I felt sincere love from people who last saw me as a child.  While back in America I felt like I did not fit in with other Ethiopians, in Ethiopia it was the exact opposite.  I felt like I belonged and did not feel awkward while I sat among other Ethiopians.  Suddenly, in a room full of loved ones, my broken Amharic did not matter.  I stumbled over words and they marveled at how I did not forget my native language.  Whenever we visited family and sat in large groups, I would often wonder just how different my life would have been had I stayed in Ethiopia.  Would I have finished school?  Would I have been married by now and had children?  That’s when the other part of Ethiopia, outside the confines of home, comes to mind.

Although family and friends were keen on showing us a good time, everywhere we turned we were reminded that Ethiopia is a poor country in need of desperate change.  Beggars filled all of the places we went to including churches.  The sight of mothers sleeping on the side of the roads with their infant children or begging for money with their infant child strapped to their back is a sight I won’t soon forget.  Young children, some transporting heavy loads on their back, walked unoccupied.  Though brutal to watch and that much brutal to turn away, I faced every scene of poverty and it only added to the love I have for Ethiopia.  After all it is my country.  I love every beggar, the poor mothers, and the children with ripped clothing that walk alone.  It is my sincere hope to someday play a role in changing it.

As quickly as the last months preceding our trip came, so did our departure day.  On our last day in Ethiopia family members and friends came for a final sendoff.  The house was full of people I missed during my life in America.  When the time came to leave for the airport, a line had formed outside.  One by one, I kissed my family and friends goodbye.  Leaving was the hardest thing to do.  While I didn’t cry as a 6-year-old leaving Ethiopia, I made up for that night as my eyes were soaked with tears.  And so we were off to the airport, one hand holding a tissue drenched with my tears and the other waving back at our family and loved ones.

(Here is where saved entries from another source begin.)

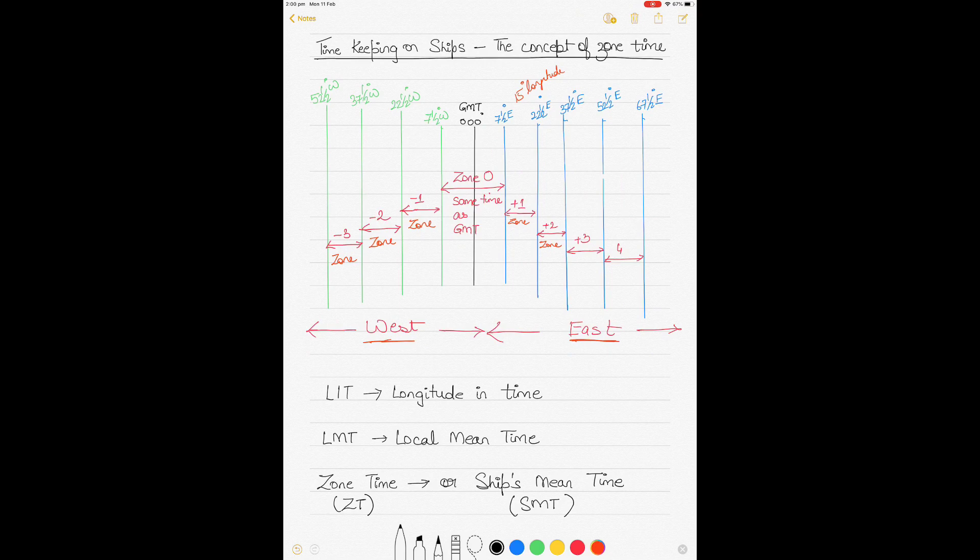Although my focus is on zone time, I will also be talking about longitude in time, local mean time, ship's mean time, and what the difference between these times is.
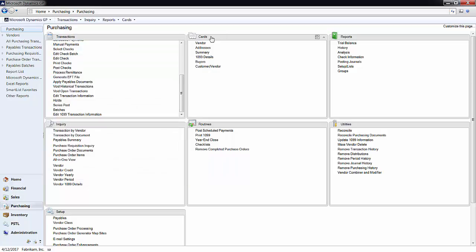Now you simply have an open invoice with no payment applied to date. To void the open invoice, go to the Void Open Transactions window right under Void Historical Transactions.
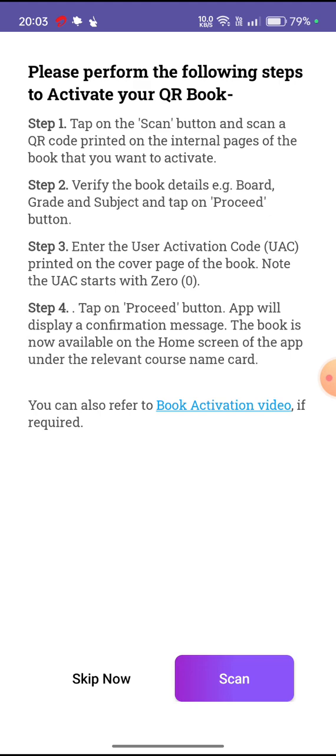Step three is enter the user activation code (UAC), which is printed on the page of the book. Step four is tap on the proceed button. The app will display a confirmation message and the book is now available on the home screen of the app under the relevant course name card. There is also an active book activation video which you can see in your app.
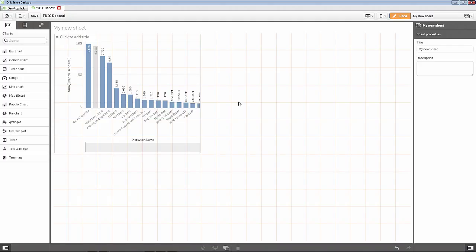At the same time, it allows you to enhance the existing data by joining it with other data sources that you might want to pull into Qlik Sense.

Once we were inside the airport I noticed that during our haste to be on time, we didn’t say our final goodbyes to the members of our family who accompanied us to the airport.  After our bags were weighed I looked for them in the crowd of Ethiopian faces behind that glass window I grew to dislike.  How could anyone find their family?  Throwing anger into what was already a heartrending moment I found myself giving up.  Slowly, I approached the boarding gates with my eyes glued to the crowd.  As I got closer to the gates, still unable to find my family, I tried to come to grips with leaving without saying my last goodbyes.  Then, in the middle of the crowd, I saw a single arm waving at me.  I noticed the dark colored jacket, it was my uncle.  Without any hesitation I exited the platform and found my way to him.  He was occupied with several members of my family.  Though shaking uncontrollably I remained strong as we said our final goodbyes and as we hugged.  One of my older cousins, the unofficial tour guide, paused then to give me some last minute information and that’s when I felt time itself pause.  Flashbacks of my trip came to mind.  I saw his lips move but I couldn’t hear a word.  I took a piece of paper he handed me and nodded.  I gave him a hug and took a deep breath.  As I walked away from them, I tried to remain strong but on my way back to the boarding gates, I felt my strength diminish.  Draped with the scarf Mesert had given me earlier that evening, with the colors of the Ethiopian flag, I was no longer able to hold back tears.  I found comfort in the scarf just like I had found in Ethiopia.

After visiting Ethiopia I’ve realized that it was a trip that I could never be ready for.  While I lived in regret of not going to Ethiopia sooner, my family did not mind that it took me this long to make the trip.  Being face to face with my family and witnessing my culture from my birthplace I no longer felt like an outsider.  The trip gave me confidence about who I really am – an Ethiopian.  Though I have always known it deep down inside, now it is magnified.